Alessandro Bianchi said in a report to the lower house of parliament that the Coast Guard was tracing the movements of both ships, plus those of a third vessel that was in the area at the time but did not appear to be directly involved in the collision.
Four crew members were killed and about 100 people were injured, including six seriously, in the collision Monday, Bianchi said. The hydrofoil, packed with workers and university students, was approaching Messina after crossing the Strait of Messina from Reggio Calabria.

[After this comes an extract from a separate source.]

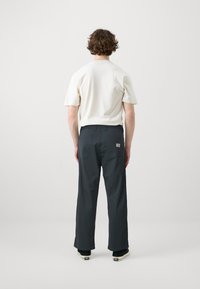 Pantalon gris foncé à coupe droite, fabriqué en tissu léger. Dispose de deux poches arrière et d'une petite étiquette de marque. Porté avec une chemise de couleur claire.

Prosecutors have placed the captains of the container ship and the third vessel, a ferry, under investigation, as a matter of routine, Italian news agencies Apcom and ANSA reported. The captain of the hydrofoil was killed in the crash.
Bianchi said the hydrofoil was built in 1999 and was last inspected in March. British shipping company Borchard Lines Ltd. said on its Web site that the 6,700-ton container ship was built in 2004 and registered in Antigua and Barbuda.
Hydrofoils are fast-moving, motorized craft that skim over the sea's surface thanks to flat or curved finlike devices attached by struts to the hull which lift up the vessel.
Calabria, the "toe" of the boot-shaped Italian peninsula, is linked to the island of Sicily by air and sea routes.